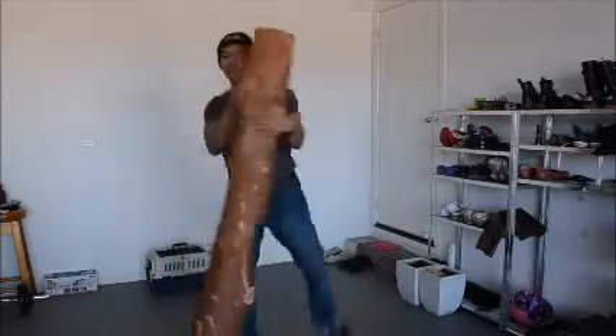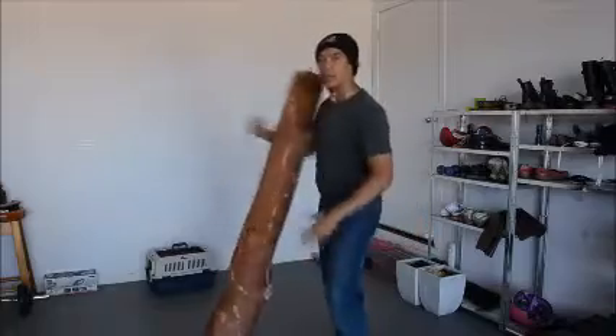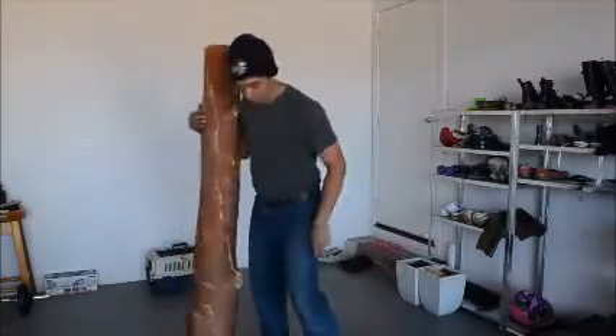So it trains your reflexes as well. It trains the footwork. It trains the core. It trains the whole body.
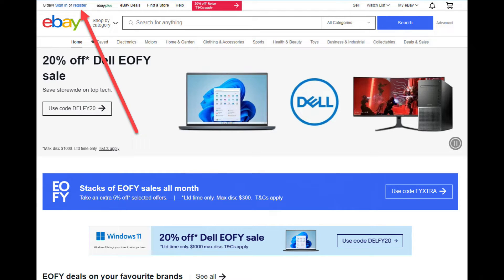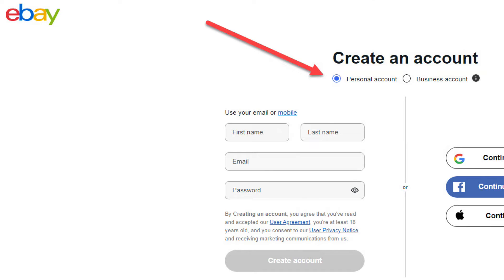To open an eBay account from any page on eBay, click the blue register hyperlink at the top left hand corner. Now choose whether you wish to set up a personal or eBay business account. For this demonstration, I'll select personal account.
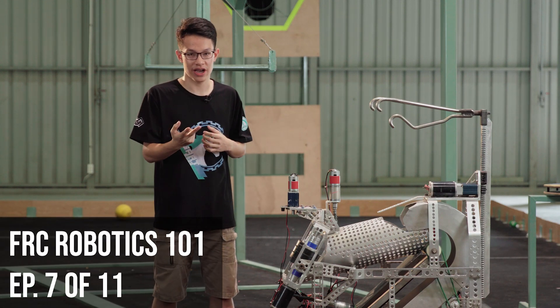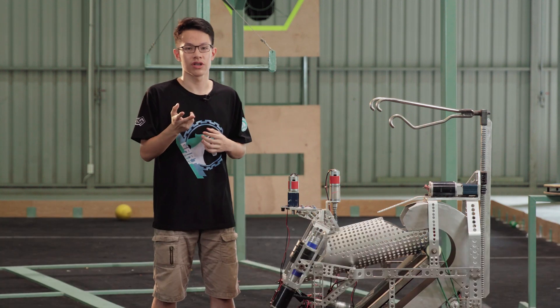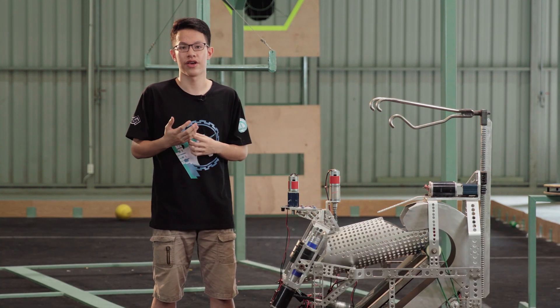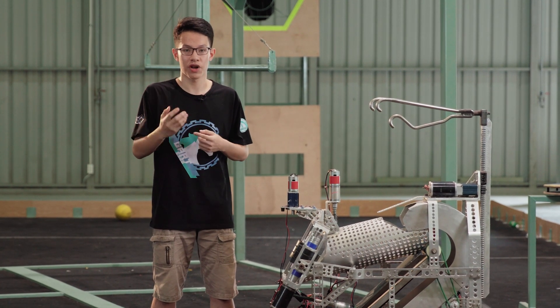Hi guys, I'm Hieu and welcome back to another episode of FRC's Robotics 101. So last episode, we went through the very first basics of CAD — drawing models for manufactured parts.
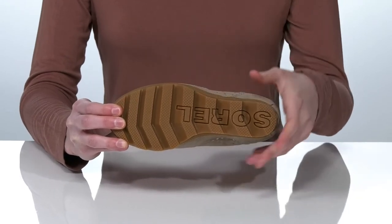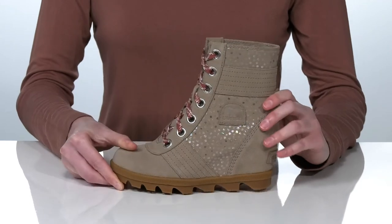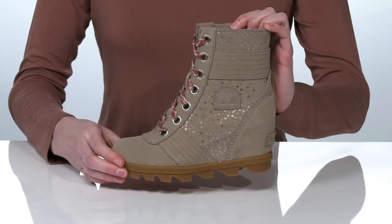Underneath there's an extra grippy outsole with a lug design to give them plenty of traction on wet surfaces or in the snow. Inside there's a soft lining and a padded footbed to finish it off.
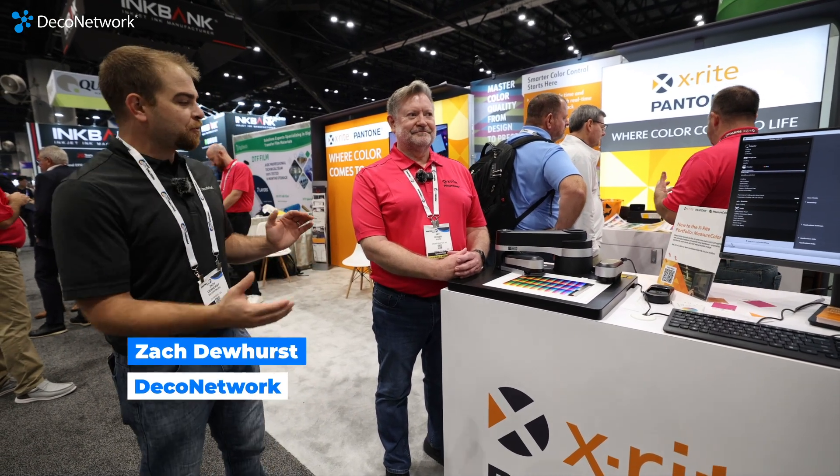What's up guys? We're here at the Print United Expo at the X-Rite booth with Jay. How's it going Jay?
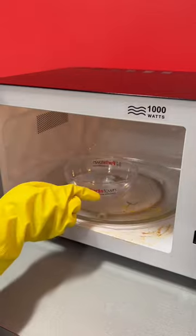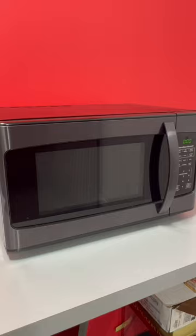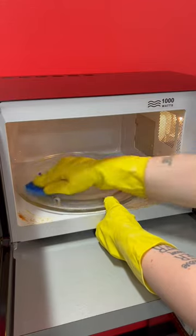You then want to place the bowl in the microwave on high for three minutes. Let the bowl stand for five minutes with the door closed when it's done. Carefully remove the bowl from the microwave and, using a sponge, wipe down the microwave.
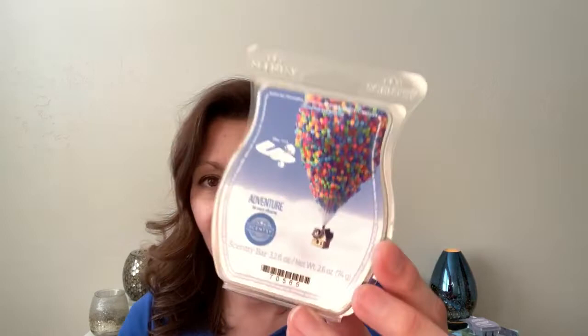I finished Adventure Is Out There — the Up bar. Up is my favorite Pixar movie, I love it so much, so I was excited to get this one. It's fine. It reminds me a lot of Make a Splash — along that same line — so it has melon in it. I've mentioned in the past that I'm not super into melon in regards to home fragrance. So again, not my favorite. I don't dislike it, but it wasn't my favorite.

### Instructions to follow
Repeat, exactly and with no pictures, each line from the line that holds "You then want" through the last line of the records above.

### Answer to this exercise
You then want to place the bowl in the microwave on high for three minutes. Let the bowl stand for five minutes with the door closed when it's done. Carefully remove the bowl from the microwave and, using a sponge, wipe down the microwave.
I finished Adventure Is Out There — the Up bar. Up is my favorite Pixar movie, I love it so much, so I was excited to get this one. It's fine. It reminds me a lot of Make a Splash — along that same line — so it has melon in it. I've mentioned in the past that I'm not super into melon in regards to home fragrance. So again, not my favorite. I don't dislike it, but it wasn't my favorite.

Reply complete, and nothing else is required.